Materials & Methods: The studied area with an area of about 151,771.91 square kilometers is located between 34°44' to 39°25' north latitude from the equator and 44°3' to 49°52' east longitude from the Greenwich meridian. In order to investigate the spatial autocorrelation changes of the average snow density in northwest Iran during the years 1982-2022 from the data obtained from the database of the European Center for Medium-Range Atmospheric Forecasting ECMWF4/ ERA5 based on daily data, and to identify and understand the spatial patterns of density Barf, based on statistical and graphic models have been used in the geographic information system environment. In the study of temporal-spatial changes of the average snow density of the region in different time periods including 4 decades ((1982-1992), (1992-2002), (2002-2012), (2012-2022)) and the whole period of 41 years (2022) -1982)), general Moran's I and Getis-Ord Gi* statistics were used. Also, in the current research, in order to investigate the effect of changes in Extreme snow precipitation on the amount of snow density in the northwest region, it has been done to determine the snow threshold. In order to estimate snow drift, a threshold was defined. Since the station snowfall amount data has a high dispersion, values above the mean cannot be accurate for defining the threshold of freezing snow. In this way, the 99th percentile index has been used to determine the snow threshold.

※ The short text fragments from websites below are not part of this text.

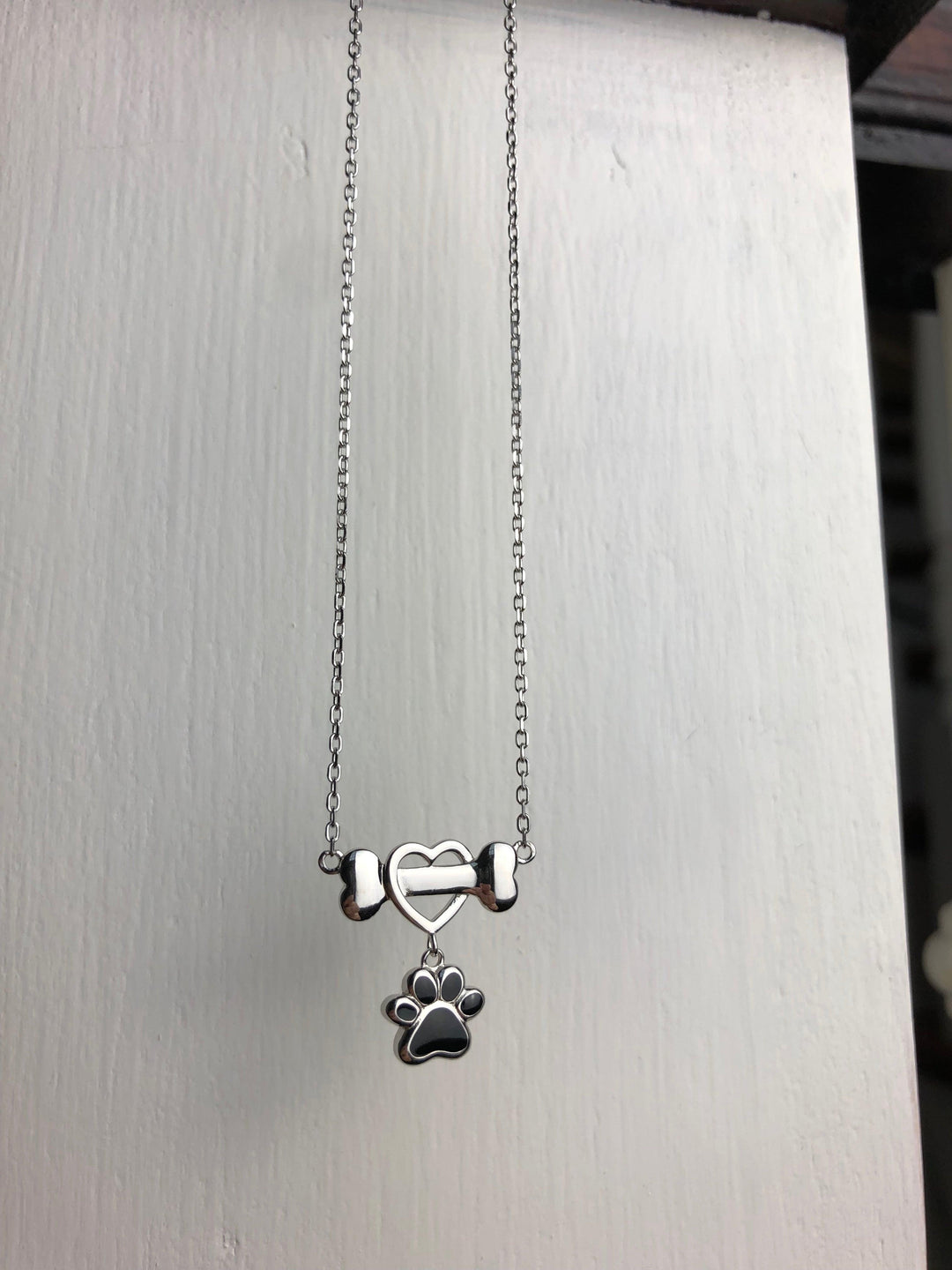 Delicate Dog Paw Necklace in Stainless Steel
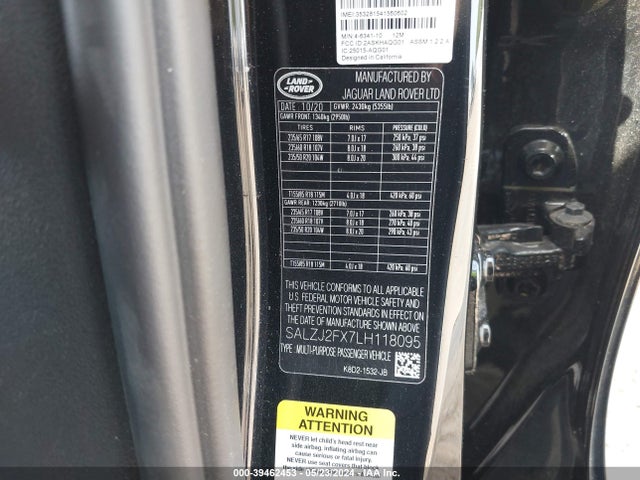 SALZJ2FX7LH118095 Land Rover Range Rover Evoque S
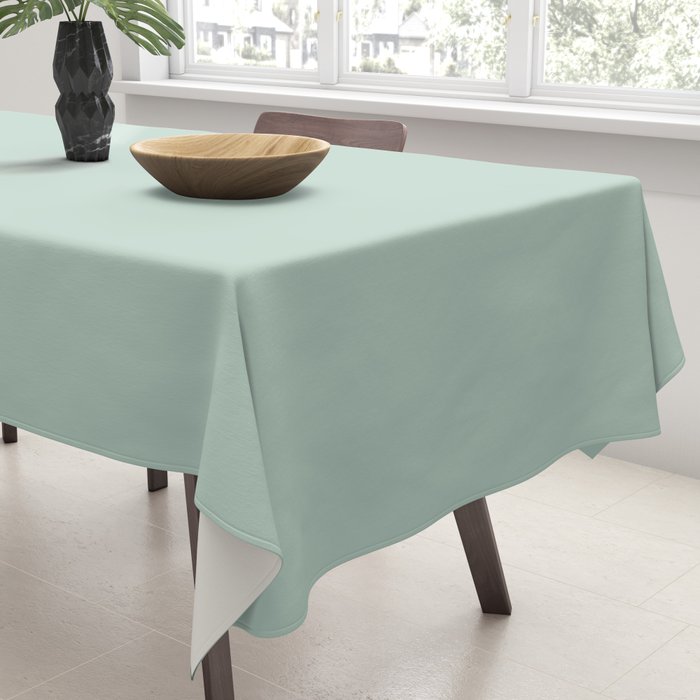 Pale Aqua Teal Blue Celadon Solid Color Tablecloth Gallery Image 3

Results & Discussion: The aim of the current research is to investigate the spatial autocorrelation changes of the annual mean snow density in the northwest of Iran. For this purpose, the annual snow density data during the statistical period of 1982-2022 was obtained from the ECMWF/EAR5 database with a resolution of 0.25 x 0.25 degrees, and then divided into four ten-year periods. In order to analyze spatial autocorrelation changes, global Moran indices and hot spot analysis (Gettys-RDJ) were used at the significance level of 90, 95 and 99%. Also, in order to investigate the effect of extreme precipitation on changes in the level of snow density, the 99th percentile statistical index was used, and based on this index, the freezing threshold of each synoptic station in the region was determined during the last decade (2012-2022) and the interval the entire statistical period (1982-2002) was carried out. The results of the present research showed that in the studied area, snow density has spatial autocorrelation and a strong cluster pattern. With a density threshold less than 0.10 kg/m3, from the first decade to the end of the fourth decade, the area (number of pixels) and the amount of snow density in the northwest have decreased. The results of the analysis of the changes in precipitation in the 99th percentile showed that the amount of this type of precipitation has increased significantly during the last decade of the study, and this has caused the snow density to increase relatively in the last decade compared to the first to third decades. However, in general, the amount of snow density in the entire northwest area has significantly decreased during the last four decades.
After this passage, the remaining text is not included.